In his book, The Idea of a University (1899), John Henry Newman writes “If then a practical end must be assigned to a University Course, I say it is that of training good members of society” (Newman, Pg.160). Newman’s belief of universities as institutions of imparting universal knowledge is evident in this excerpt, he also argued against the effects of markets on the design of the curriculum. Newman’s anti-utilitarian position in supporting university learning provides a philosophical basis and a separation point for the analysis of university education. University education is considered core to keeping alive the relationship between market values and those relating to civil society that cannot be viewed in a commercial perspective but are critical to complete democracy.


The objective of the paper is to examine how different authors view higher education’s ultimate cause of offering education to members of society. For this study, we shall look at the works of John Henry Newman (The Idea of a University), Clark Kerr (The Uses of a University), and George Fallis (Multiversities, Ideas, and Democracy).


Clark Kerr writes in his book The Uses of the University, “About eighty-five institutions in the Western world established by 1520 still exist in recognizable forms, with similar functions and unbroken histories… these seventy universities, however, are still in the same locations with some of the same buildings, with professors and students doing much the same things, and with governance carried on in much the same ways” (Kerr, pg. 115). The university system was established three decades after World War 2 as an answer to deep alterations in our society; the increasing importance of ideas and extensive studies in economic and social growth. The education type was a response to the ever-escalating function of government and the democratization of many communities. The mission of all universities is to offer liberal education to undergraduates, undertake research activities, and give back to their university and the community. Pivotal to defending higher education as a public possession and an institution of offering important education is the identification that education must be differentiated from training. This implies that educators avoid commercial considerations from influencing the reason and mission of university education.

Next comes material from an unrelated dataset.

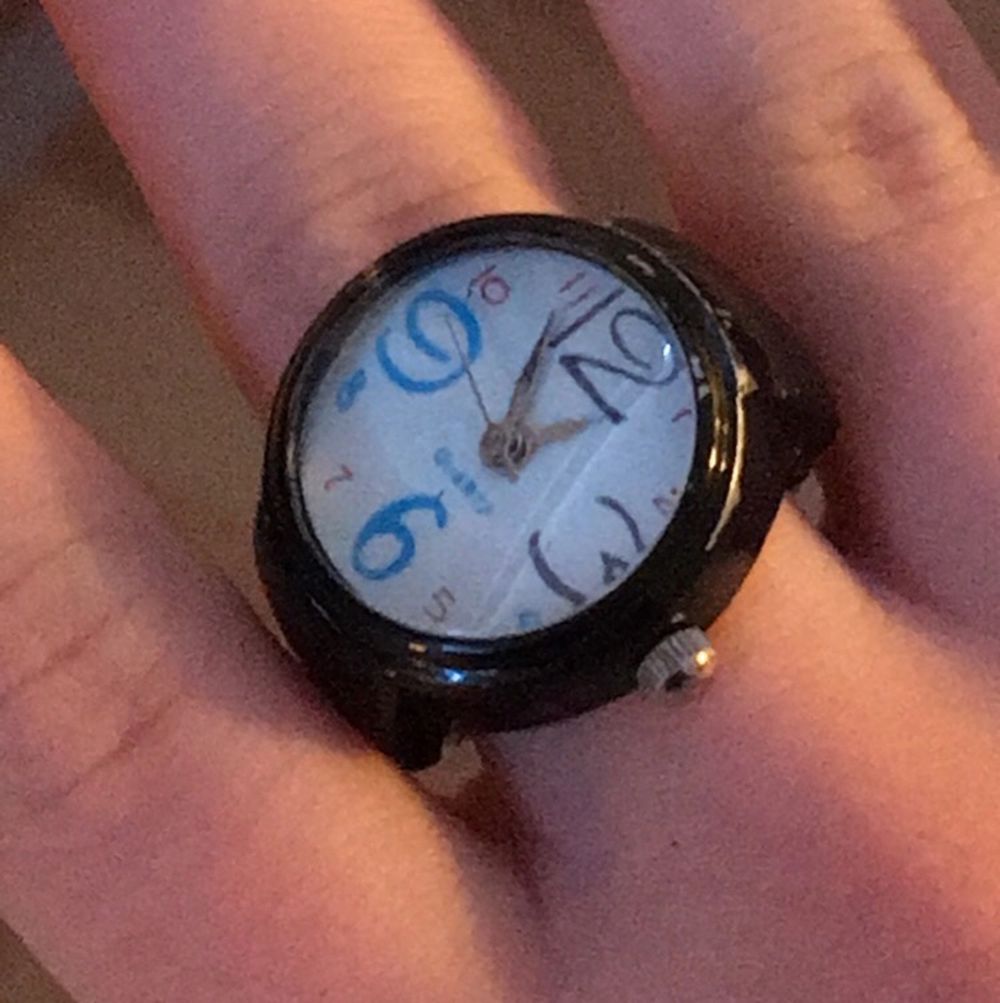 !INTRESSEKOLL! En så kallad ”klockring” som var populär på 90-talet! En riktig klocka som kan visa tid. Denna ringen köptes dock på 90-talet och fungerar därför inte. Om man vill att klockan ska fungera så kan man lämna in den hos en urmakare. Jag vill bara se om det finns intresse för denna, lägg bud i kommentera isf! Utropspriset börjar på 10kr. . Accessoarer.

Another writer, George Fallis, furthers the higher education debate in his book Multiversities, Ideas, and Democracy (1947). He writes that “…the university must be conceptualized not just as a place of teaching and research, but also a fundamental institution of our democracy” (Fallis, pg. 3). Fallis argues that the university has four main duties in enforcing democracy in the society: to provide entrance to undergraduate, professional, and graduate teaching; to train the students for citizenship; to train the professionals to be conscious of public ethics, and to create information and ideas that promote society and equality. By imparting ethical conduct on the graduates, the university helps society in achieving its eventual target: the success of its citizens and societies. Fallis further asserts that democratic duties make up part of the social contract of higher education. The unwritten contract between the institutions and the government (or the mainstream population) specifies the role of universities in contributing to the social and economic well-being of a nation. In return, the government supports these institutions financially and also permits them to be run independently (Fallis, pg. 111-115).


The three writers demonstrate the importance of higher education in shaping up the members of society. Universities not only impart information to the learners, but they also train them on ethical conduct and thus contribute positively to the prosperity of the society.

Works Cited

  1. Fallis, George. Multiversities, Ideas and Democracy. 1947. University of Toronto Press Incorporated, Canada. 2007. Print.
  2. Kerr, Clark. The Uses of a University. 1963. Harvard University Press, Cambridge, London, England. 2001. Print.
  3. Newman, John Henry. The Idea of a University. 1899. Yale University Press. 1996. Print.